* [DATA EXCERPT]:
+ + +

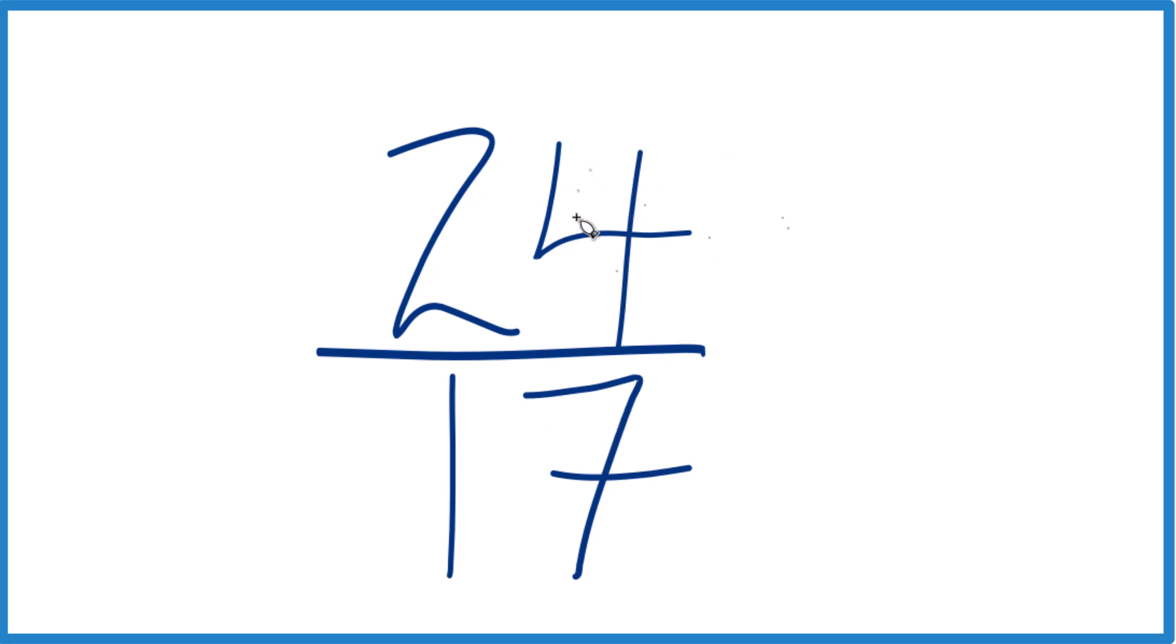So if we divide 24 by 1, we get 24. Divide 17 by 1, we get 17. So 24 seventeenths...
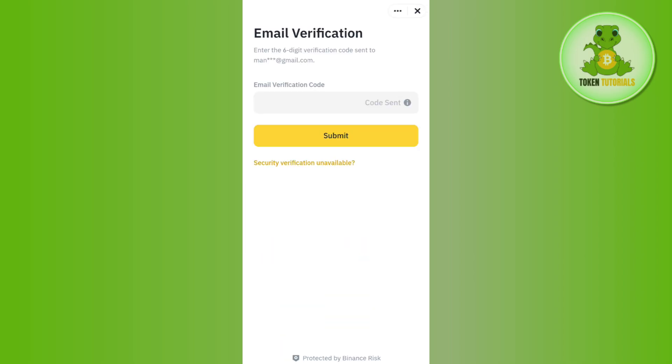After that, they are going to send you a six-digit verification code on your recent email. So you just have to copy that and paste it over here and press Submit.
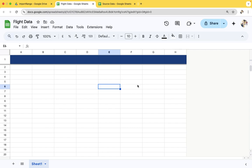Today we will learn the import range function. In Google Sheets, import range is used to import data from one spreadsheet to another.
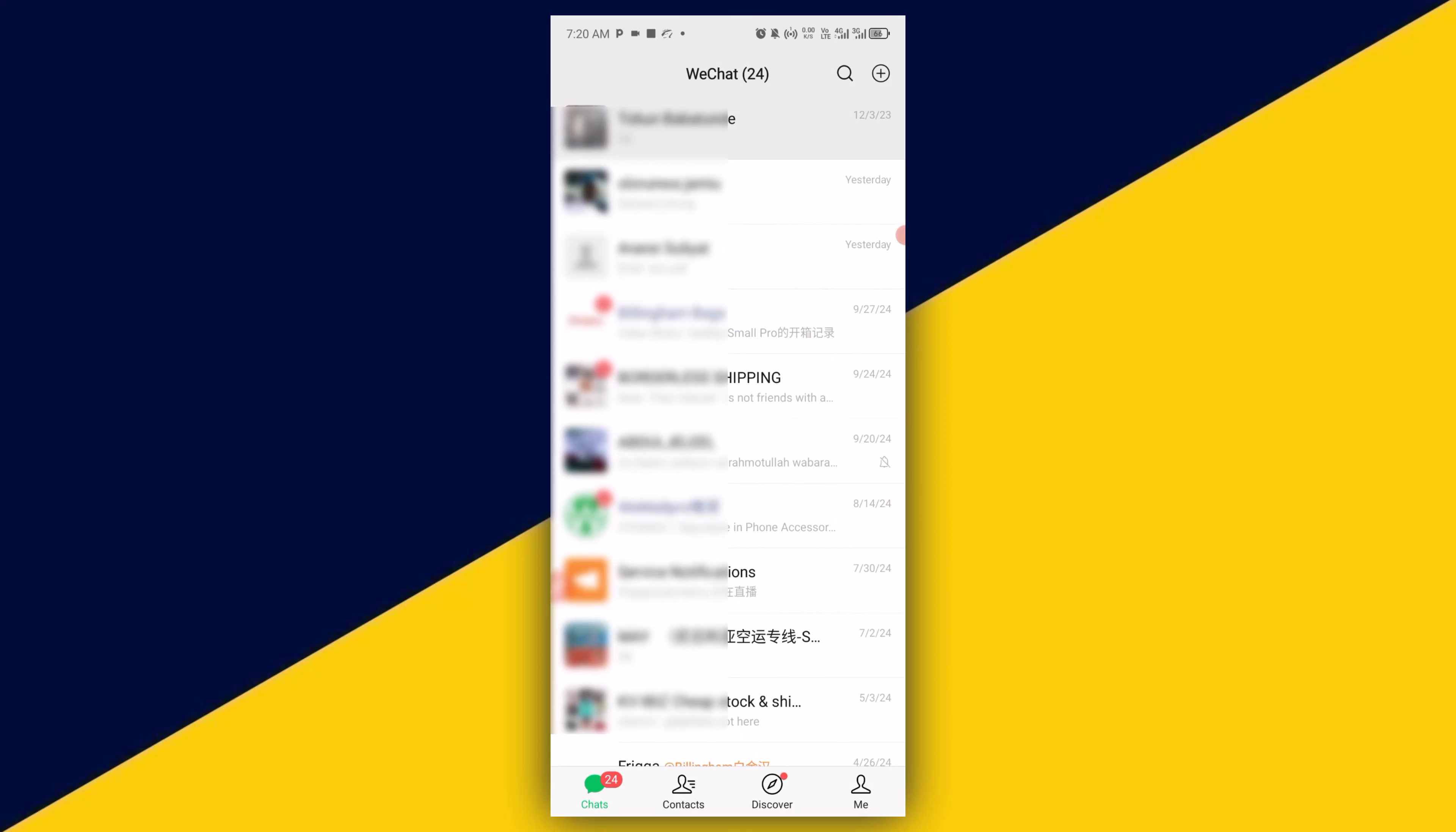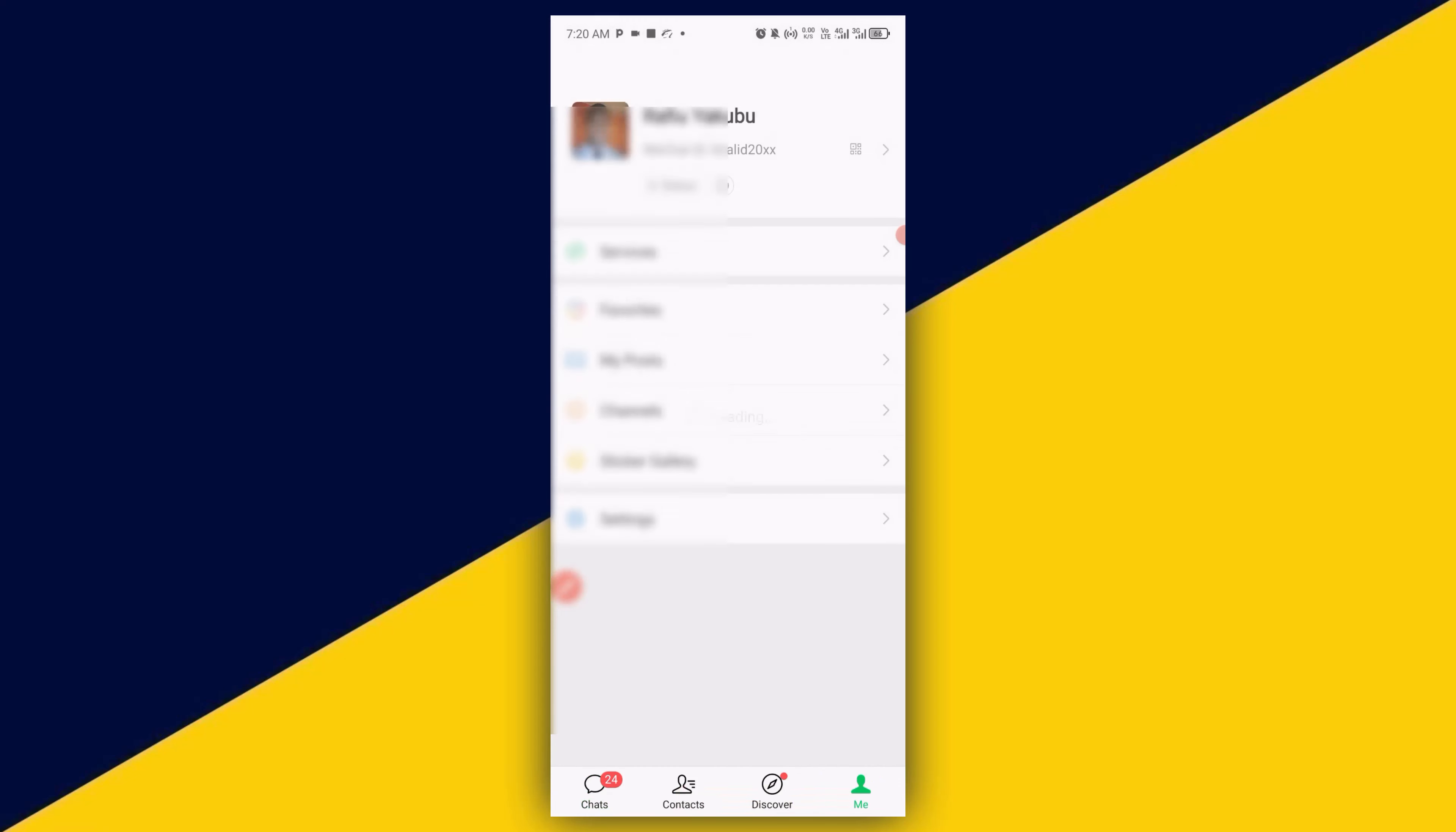And after you open up your WeChat, next thing you need to do is to go to me right here. And the next thing you can do is to simply click on settings.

+ + +

* [WHAT YOU SHOULD DO]: Give back the full listing exactly as written, only without its pictures.

* [SOLUTION FOR THIS EXERCISE]:
So if we divide 24 by 1, we get 24. Divide 17 by 1, we get 17. So 24 seventeenths...
After that, they are going to send you a six-digit verification code on your recent email. So you just have to copy that and paste it over here and press Submit.
Today we will learn the import range function. In Google Sheets, import range is used to import data from one spreadsheet to another.
And after you open up your WeChat, next thing you need to do is to go to me right here. And the next thing you can do is to simply click on settings.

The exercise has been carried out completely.